His staff gets calls every day looking for the other Reno, “more and more as they’re growing,” Jetton said.
“Nobody can get through on the phone to that Reno in Parker County. So they call us for help. We get their hateful phone calls and stuff.”
In the Parker County town of Reno, Police Chief Tim Holzschuh said it’s not just a matter of wrong numbers.
“We had a report of a suicidal person from a relative calling long-distance,” he said.
“It took a while for the officer on duty to deduce that it was the Reno in Lamar County. Those moments can make a difference.”
Cellphones, Google and Siri aren’t helping.
“I keep their police chief’s phone number on my desktop,” Holzschuh said.
His northeast Texas counterpart, Reno Police Chief Jeremy Massey, said, “We feel each other’s pain.”
He has a dangerous-misdial story, too.
“I’ve had a call about somebody driving down the road shooting a weapon. We finally figured out it was the other Reno.”
His dispatchers ask callers from the 817 area code, “Do you want Parker County?”
“We get a lot of confusion from state agencies,” Massey said.
“And the district attorney’s office from Tarrant County calls asking about court cases. They don’t seem to know how to reach the other Reno either.”
Not to mention Reno, Nevada, or El Reno, Oklahoma.
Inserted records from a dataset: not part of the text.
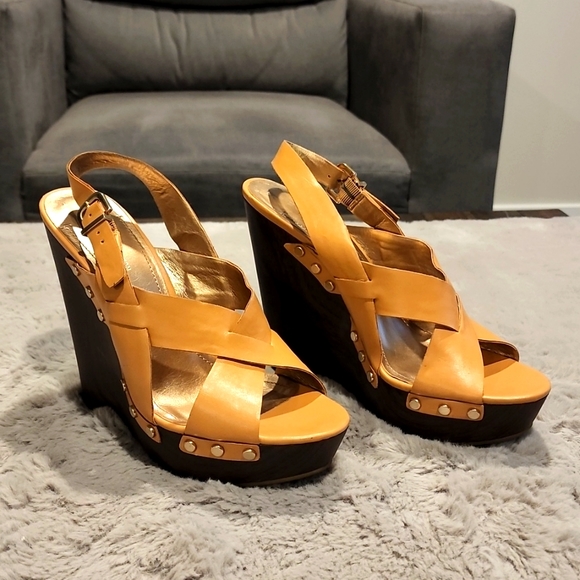Women's BCBGeneration Tan Wedge Heel Sandals Size 10 (Excellent Condition) - Picture 2 of 3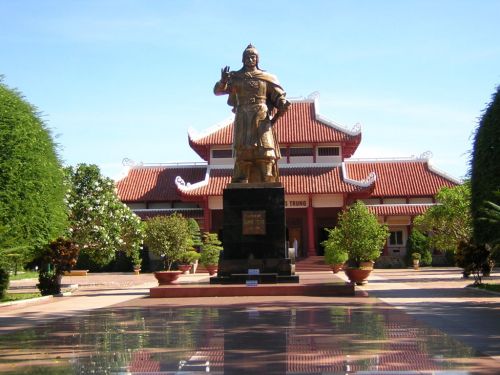BÌNH ĐỊNH-ĐỊA LINH NHÂN KIỆT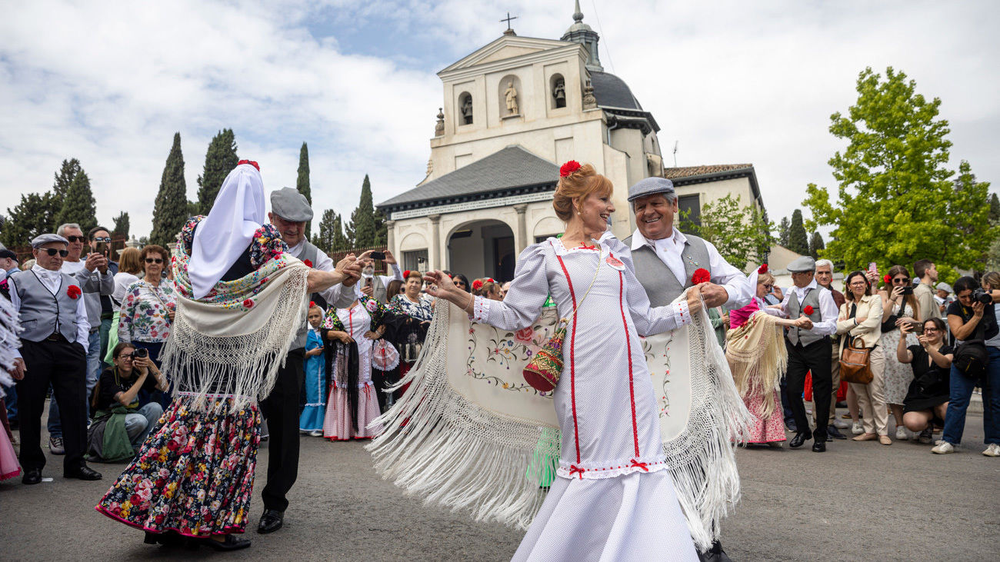 Chulapas y chulapos celebran San Isidro, día de Madrid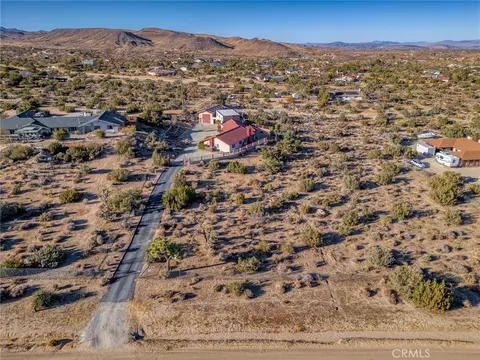 View/Area - 56630 Bear Ct, Yucca Valley, CA 92284 photo 11 of 14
Before ZIP codes, federal regulations prohibited two post offices from having the same name. The Parker County town had a post office in 1884, but lost it.
In 1996, the U.S. Postal Service tried to award the address “Reno, Texas” solely to the Parker County town for its larger projected population. But postal officials relented when then-U.S. Sen. Kay Bailey Hutchison’s office intervened.
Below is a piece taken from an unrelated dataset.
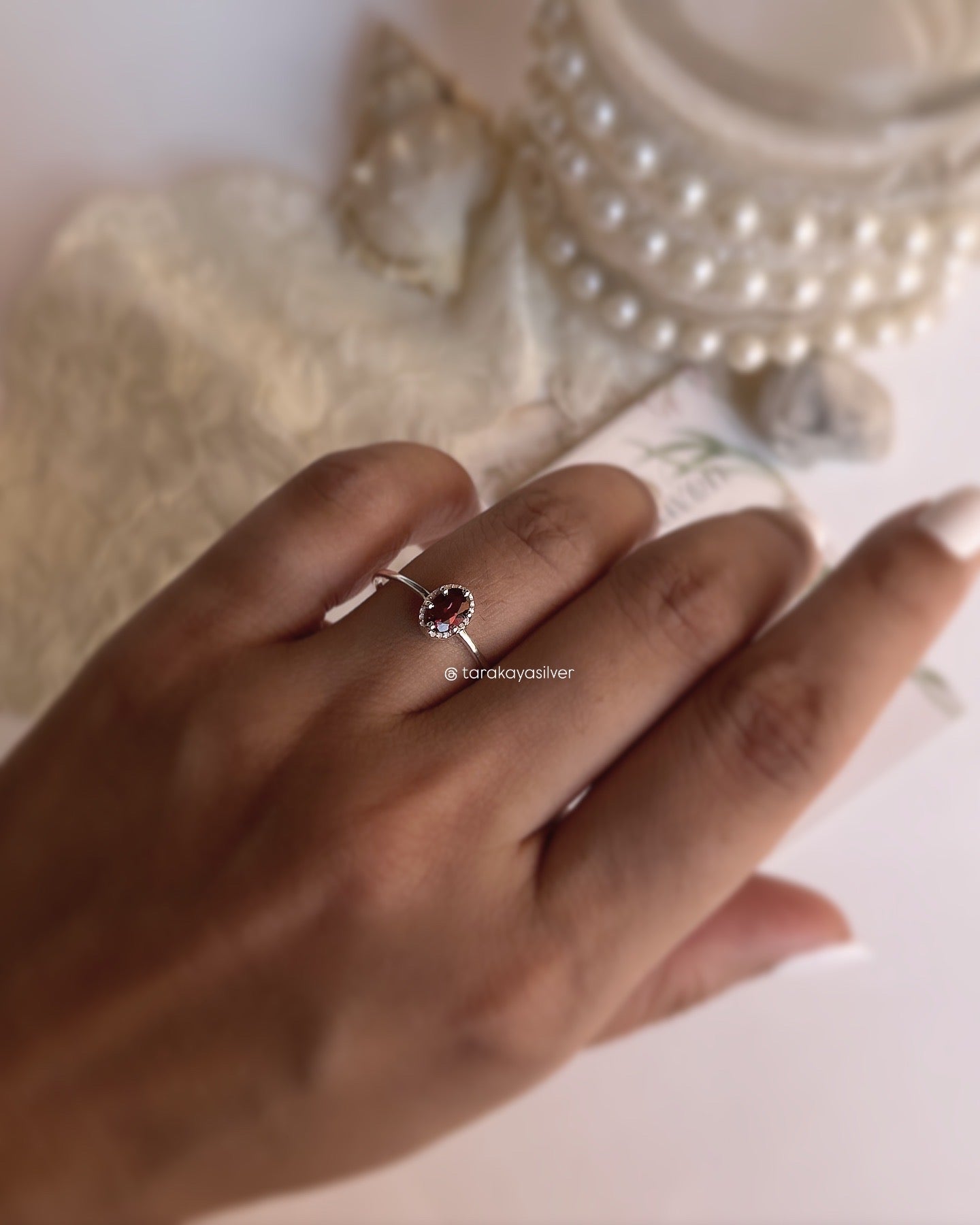 925 Silver Vintage Solitaire Ring with Rhodolite Garnet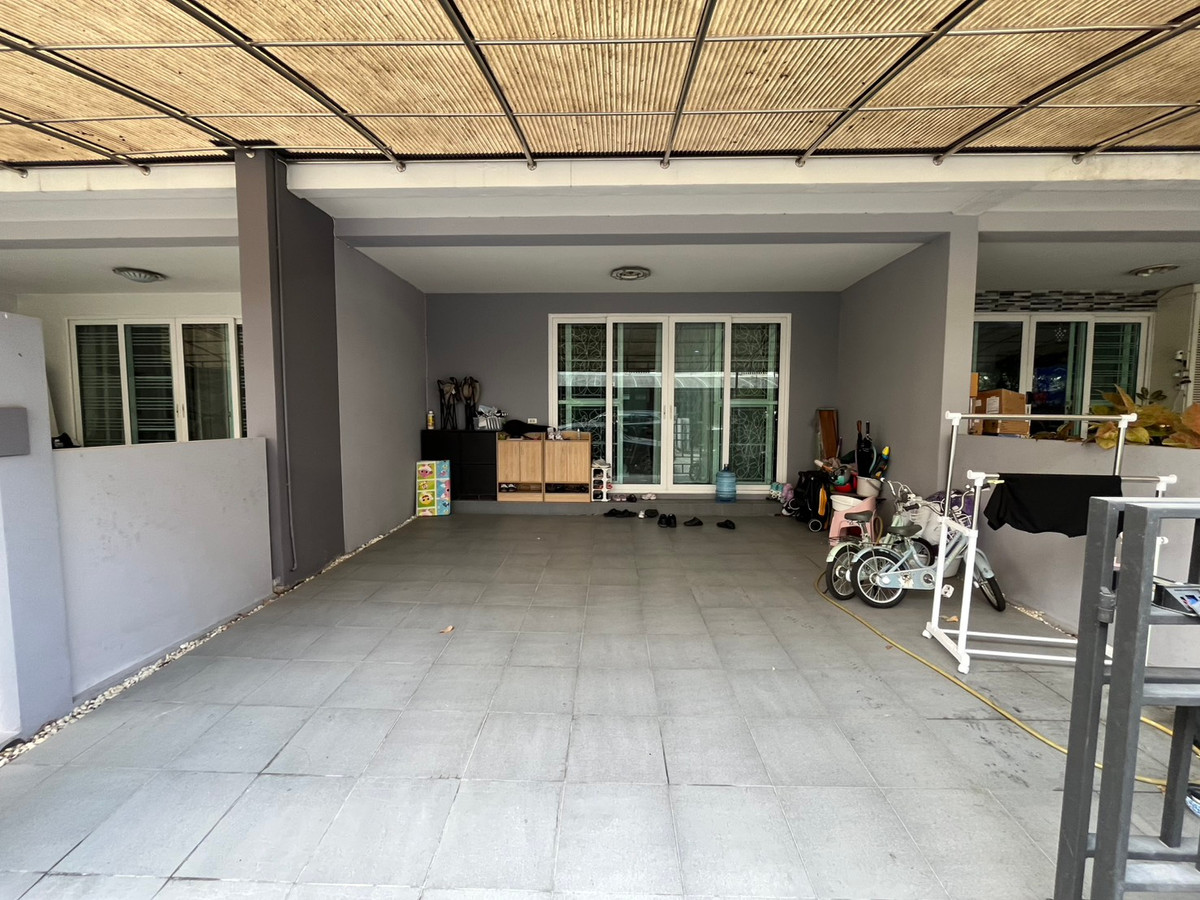 For SaleTownhomePattanakan, Srinakarin : HOT DEAL Townhome for sale with tenants | The Exclusive Pattanakarn 44 | Invest and receive immediate income 🏷️ Peeraphong FIFA | 087-808-3690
According to U.S. Census estimates, the Lamar County town of Reno has 3,300. The local Reno, which bridges Parker and Tarrant counties north of Azle, has 2,907 but is growing faster. (The Parker County town also legally incorporated first, in 1966.)
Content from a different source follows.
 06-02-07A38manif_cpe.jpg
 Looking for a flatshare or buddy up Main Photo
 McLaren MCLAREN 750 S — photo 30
Mayor Pro Tem John Basham suggested the name Reno Springs, according to the Azle News.
The original Reno Springs fed the town cotton gin along Walnut Creek just south of today’s city hall and Walnut Creek Baptist Church. according to late Fort Worth geologist Gunnar Brune’s book “Springs of Texas.”
(Other springs nearby gave a neighboring town its name: Springtown.)
City name changes are not unusual. In 1999, a growing Wise County town changed its name to New Fairview to distinguish from a Fairview in Collin County.
Our Reno can’t be New Reno. It’s the oldest Reno.